Cosa succede però quando il bullismo è già in atto? Come si può intervenire concretamente?

Fino a poco tempo fa, non esisteva un vero e proprio reato di bullismo. Era necessario verificare, caso per caso, se i comportamenti rientrassero in fattispecie già previste – percosse, diffamazione, lesioni, minacce – e procedere solo se il bullo aveva compiuto 14 anni.
Nel 2024, però, il legislatore ha compiuto un passo importante con la legge n. 70, che introduce per la prima volta una definizione giuridica di bullismo:
“Ai fini della presente legge, per bullismo si intendono l’aggressione o la molestia reiterate, da parte di una singola persona o di un gruppo di persone, in danno di un minore o di un gruppo di minori, idonee a provocare sentimenti di ansia, di timore, di isolamento o di emarginazione, attraverso atti o comportamenti vessatori, pressioni o violenze fisiche o psicologiche, istigazione al suicidio o all’autolesionismo, minacce o ricatti, furti o danneggiamenti, offese o derisioni”.
La legge mira a prevenire e contrastare il bullismo tramite una “strategia di attenzione e tutela nei confronti dei minori, sia nella posizione di vittime sia in quella di responsabili di illeciti, privilegiando azioni di carattere formativo ed educativo”.

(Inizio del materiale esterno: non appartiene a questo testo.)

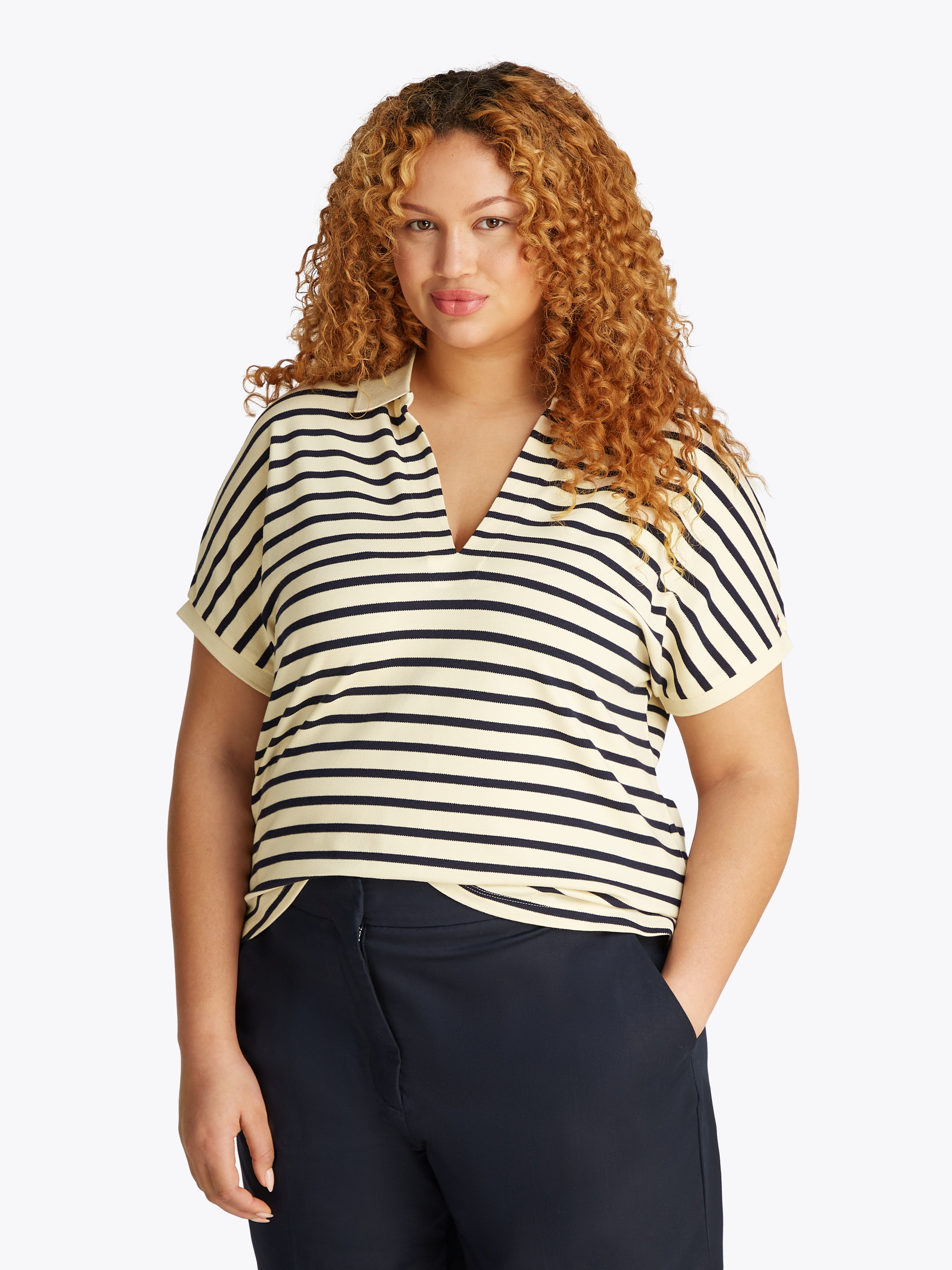 Tommy Hilfiger Curve Poloshirt »CRV LYOCELL OPEN-NK POLO SS«, in Grossen Grössen, Polokragen, Streifenmuster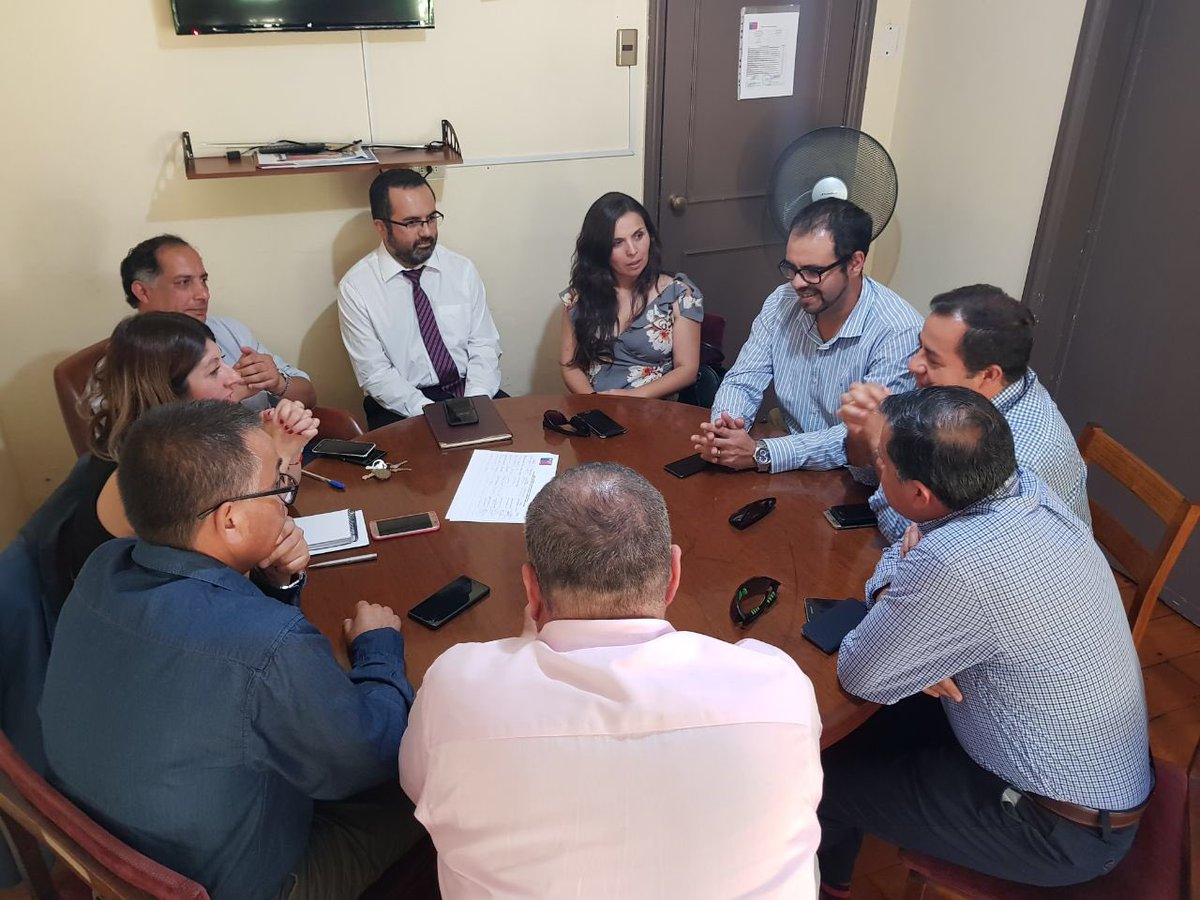 EconomiaMaule's tweet photo. Srm de economía preside el último gabinete económico y agradece por su dedicación y profesionalismo a cada uno de los directores de servicio por el trabajo realizado. https://t.co/TFEr2vHccv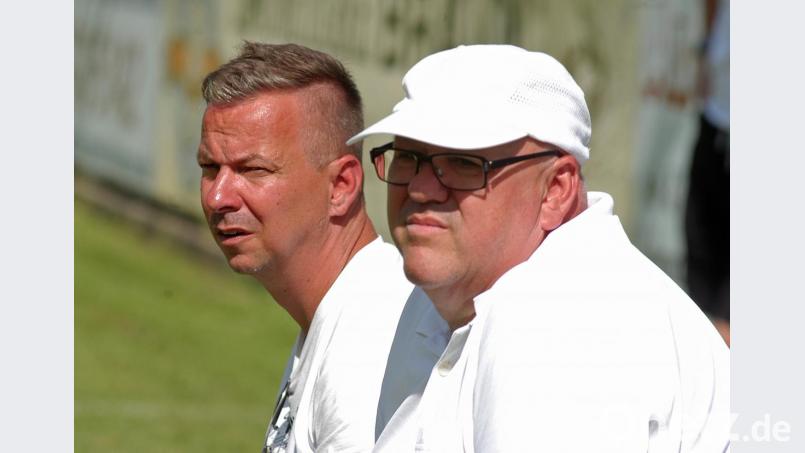 Fassungslos, ungläubig, ernüchtert: Trainer Rüdiger Fuhrmann (rechts) und Sportlicher Leiter Markus Hofbauer müssen den Landesliga-Abstieg des SV Etzenricht erst einmal verdauen. Bild: otr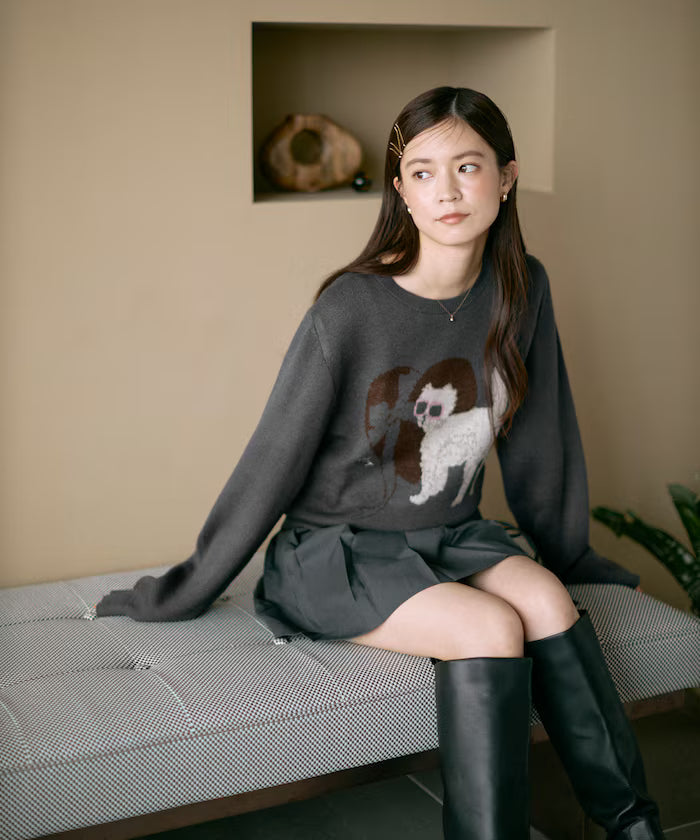 Sweat-like Animal Jacquard Knit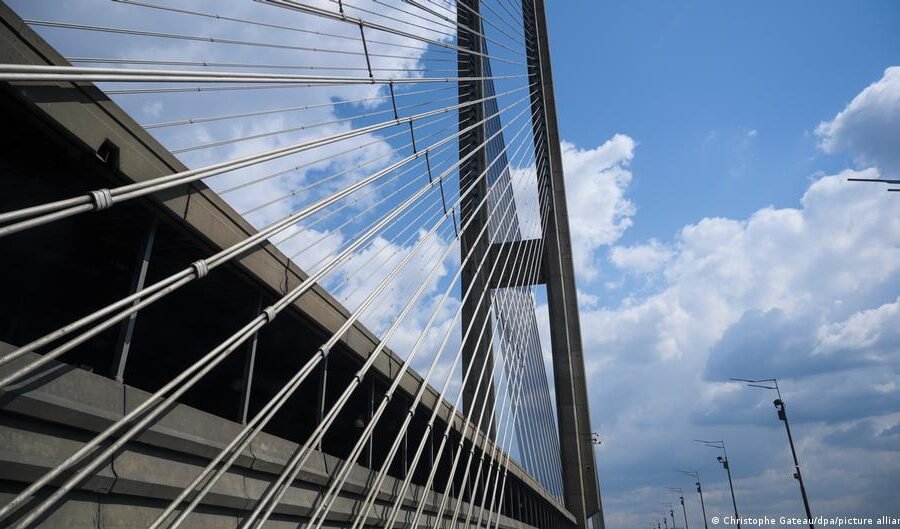Ukraine: Kyiv bridges shut after fatal Russian drone assault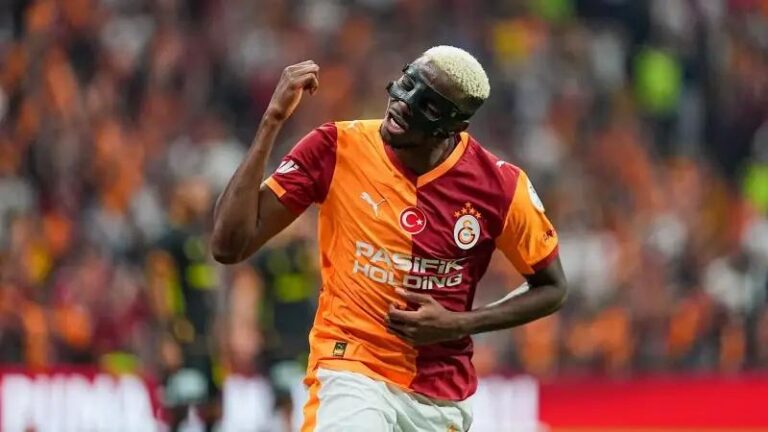 Osimhenin Goztepe Macindaki Tartismali Pozisyon Sonrasi Geri Adimi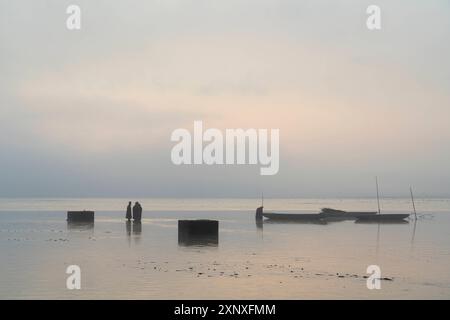 Fischer, die sich auf die Fischernte am nebligen Morgen vorbereiten, Rozmberk Teich, UNESCO Biosphäre, Trebon, Jindrichuv Hradec Bezirk, Südböhmische Region, Cze Stockfoto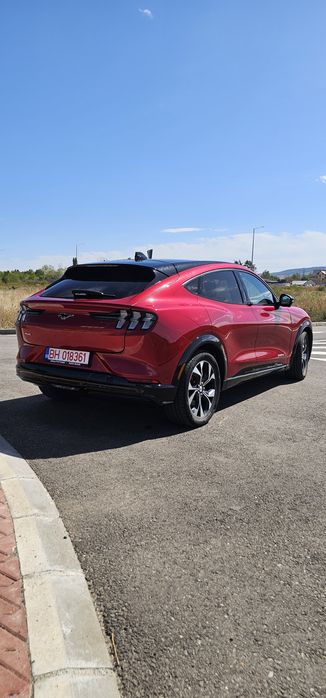 FORD Mustang Mach-E 2022 — imagine 5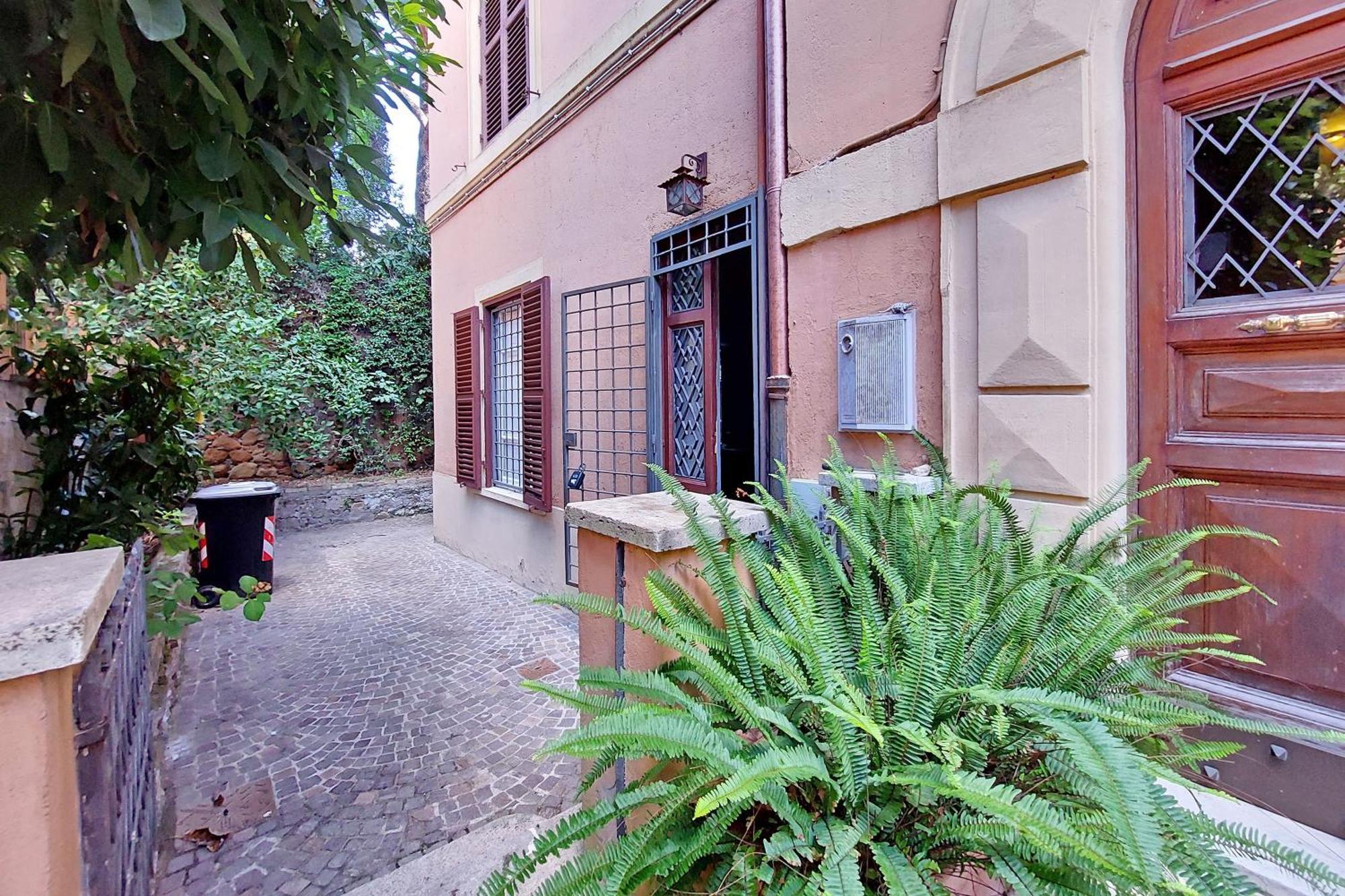 A Casa, Aventino Rom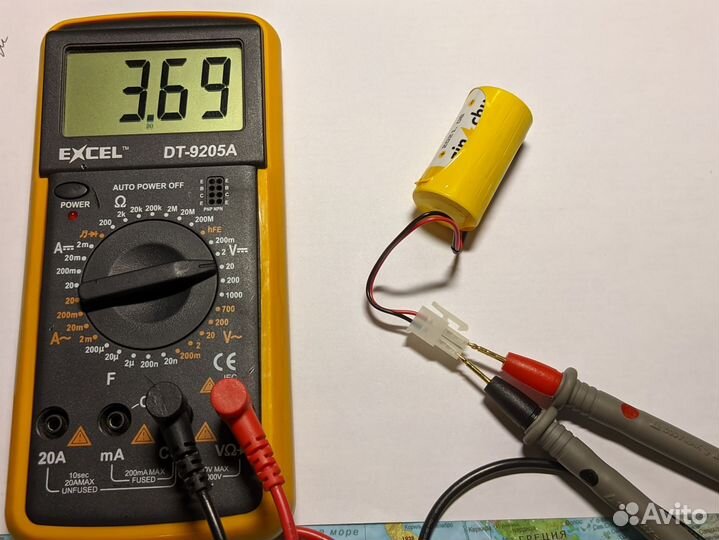 Новая литиевая батарейка 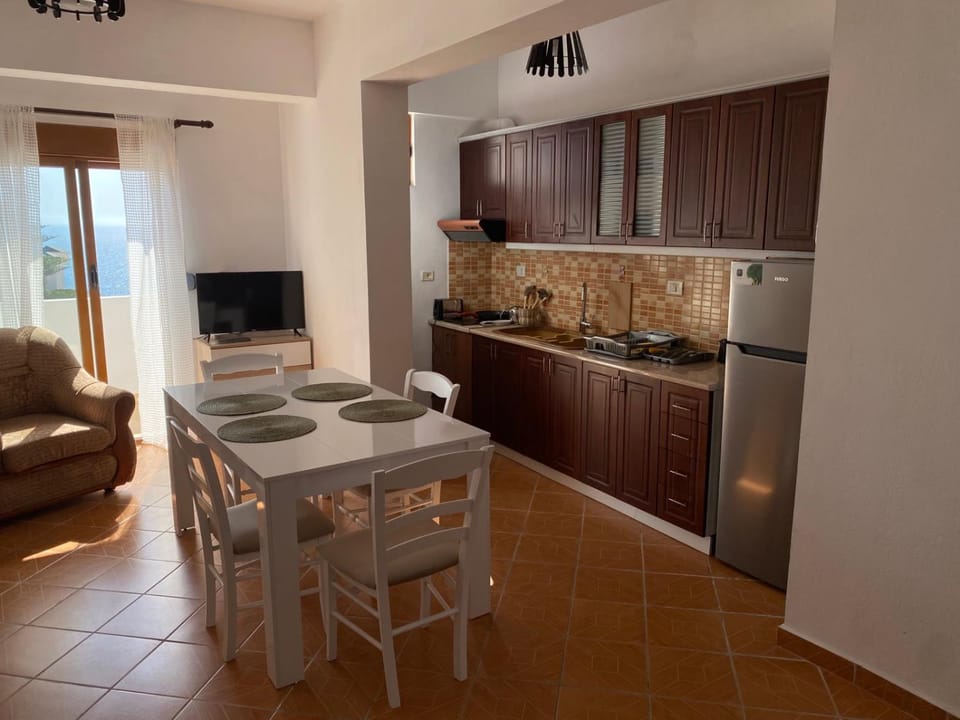 Dining area, kitchen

Non si limita alla definizione: introduce un vero protocollo di intervento. L’articolo 2 attribuisce un ruolo centrale al Procuratore della Repubblica presso il Tribunale per i minorenni. In caso di bullismo, si valuta l’attivazione di un percorso di mediazione o di un progetto di intervento educativo a fini rieducativi e riparativi, sotto la direzione dei servizi sociali. Questi progetti possono includere volontariato, laboratori artistici, attività sportive o teatrali, e coinvolgono anche la famiglia.
Al termine del percorso, il tribunale valuta i risultati, decidendo se dichiarare concluso il procedimento, proseguirlo, adottare nuove misure o, nei casi più gravi, disporre l’affidamento temporaneo del minore ai servizi sociali o il suo collocamento in una comunità. Resta salva la possibilità di nominare un curatore speciale nei casi previsti dall’articolo 473-bis.8 del Codice di procedura civile.
Ora la sfida è che questa legge non resti solo sulla carta: serve applicazione concreta, capillare e tempestiva. Un cambiamento radicale e collettivo è necessario: nessun altro quattordicenne deve più arrivare a preferire la morte alla vita.